Other airport business

The commission also voted 6-0 in favor of recommending an amended airport master lease, changing a sentence in the paragraph on “Use of Leased Premises” from “Non-aeronautical equipment shall not be stored in the hangar” to the following:

“Non aeronautical equipment may be permitted provided the items: 1) Do not impede the movement of the aircraft in and out of the hangar or impede access to aircraft; 2) Does not displace the aeronautical contents; 3) [Do] not impede access to aircraft or other aeronautical contents; 4) Do not violate airport rules and regulations, lease provisions, building codes or local ordinances. If the non-aeronautical equipment violates these conditions, the equipment shall not be stored in the hangar.”

Weasner noted that a fifth point of the Federal Aviation Administration’s five-point rule for storing non-aeronautical items in hangars was omitted.

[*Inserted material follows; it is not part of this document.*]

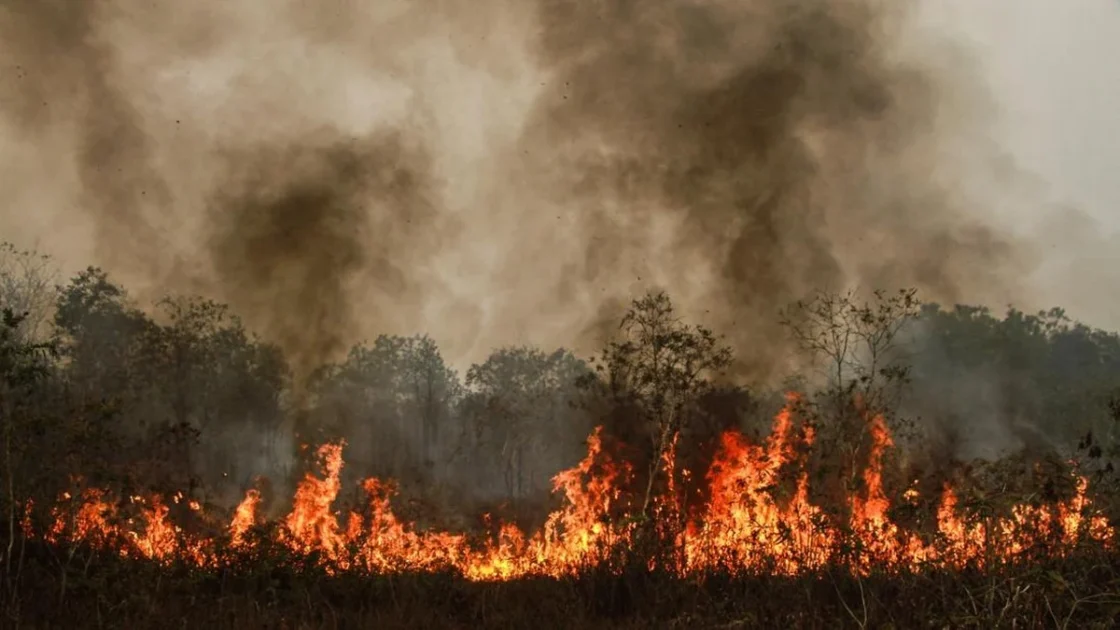 Ahli: Kebakaran Hutan Ancam Target Iklim dan Kesehatan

The rule, prohibiting hangars to “be used to conduct a non-aeronautical business or municipal function from the hangar, including inventory storage,” doesn’t apply to the issues the airport is dealing with, she said.

Weasner said upon review by the city attorney, the amended lease language will be brought to the city council for approval.

In other discussion, the airport commission:

  • Heard Weasner report that work continues on the taxilane reconstruction project.
  • Heard Weasner report that the city is still waiting for the airport hangar loan program, with construction of additional T-hangars remaining on the airport capital improvement program along with a runway reconstruction.
  • Heard Weasner report that the city was not awarded a grant to update the airport’s arrival-departure (A&D) building. Project Manager Matt Gustafson with TKDA said they will try again, with at least one year of the program left. “I think, last year, there were $8 billion in applications for $1 billion,” he said. “It’s still a long shot, but we might as well keep applying for it.”
  • Discussed lobbying state legislators and U.S. Rep. Michelle Fishbach for A&D funding.
  • Heard Burlingame report on the progress of replacing the airport’s Jet A fuel tank, noting the tank has been ordered and prices quoted for some concrete work. 

The airport commission’s next meeting is scheduled for 9:30 a.m. Wednesday, July 2 at Park Rapids City Hall.